» Task: Copy out exactly the lines from the one containing "Pavel Tchelitchew - Anatomic Head" through the end of the records, and no pictures.

» Entries provided:

────────────────────────────────────────

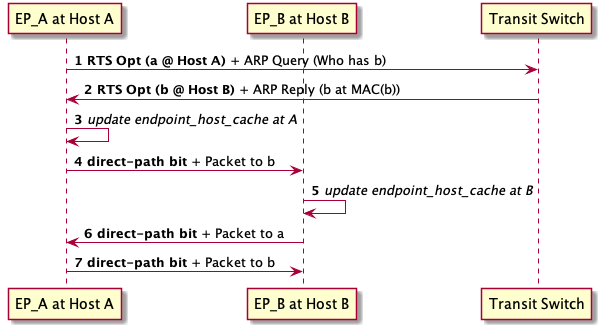 Direct-path inter-network packet flow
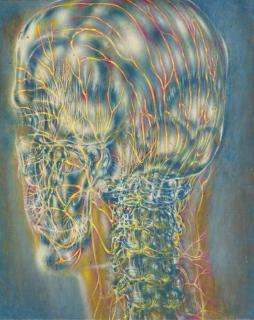 Pavel Tchelitchew - Anatomic Head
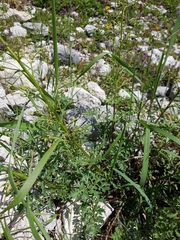 Scrophularia juratensis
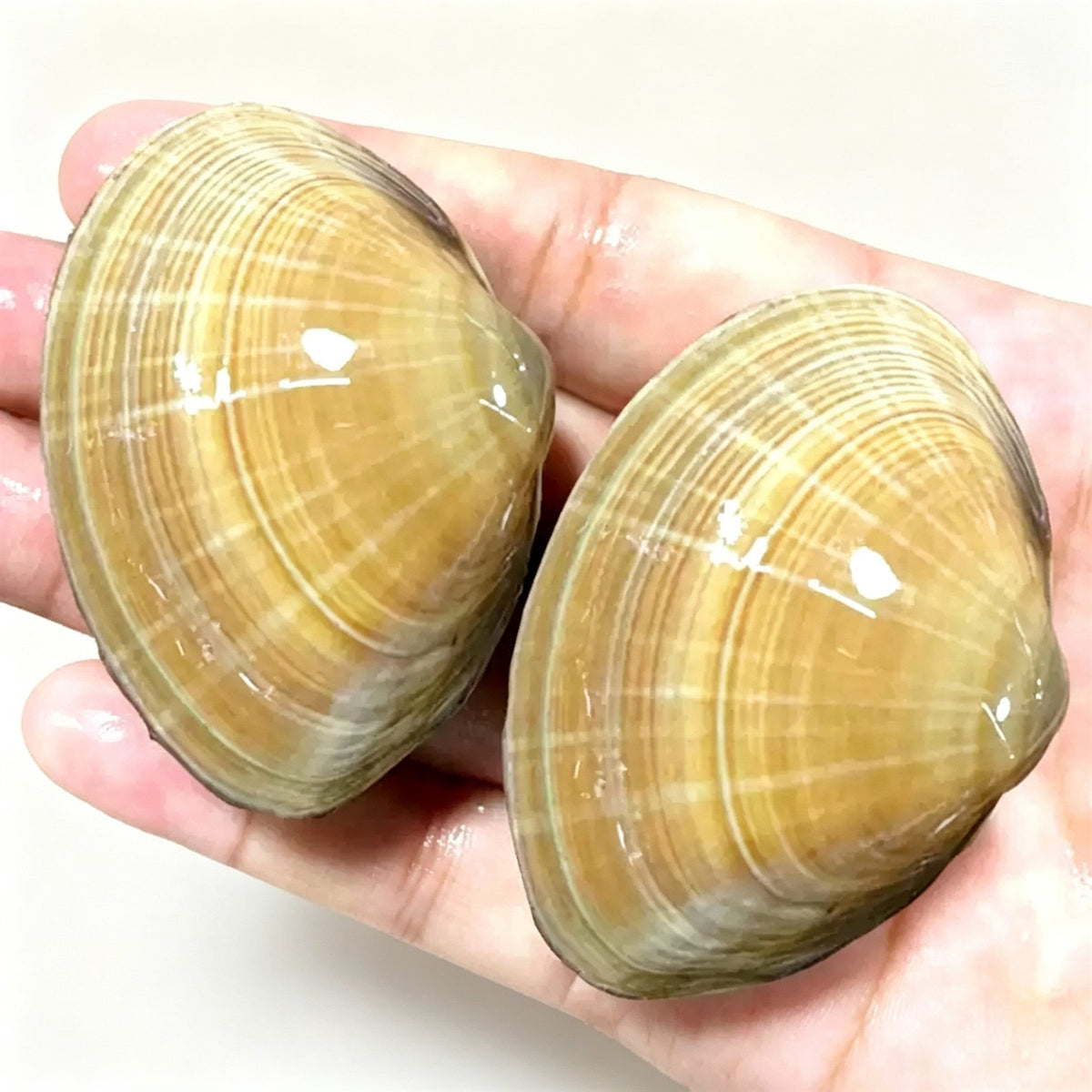 Live Large Yellow Clams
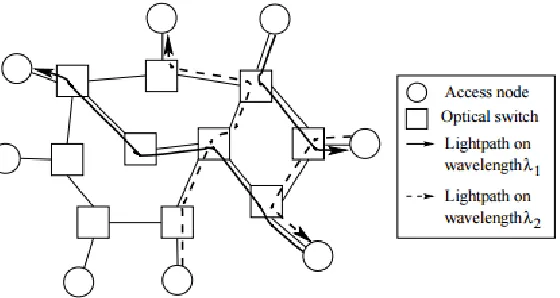 Fig. 1.5: a wavelength-routed optical network with lightpath connections [17]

────────────────────────────────────────

» Task output:
 Pavel Tchelitchew - Anatomic Head
 Scrophularia juratensis
 Live Large Yellow Clams
 Fig. 1.5: a wavelength-routed optical network with lightpath connections [17]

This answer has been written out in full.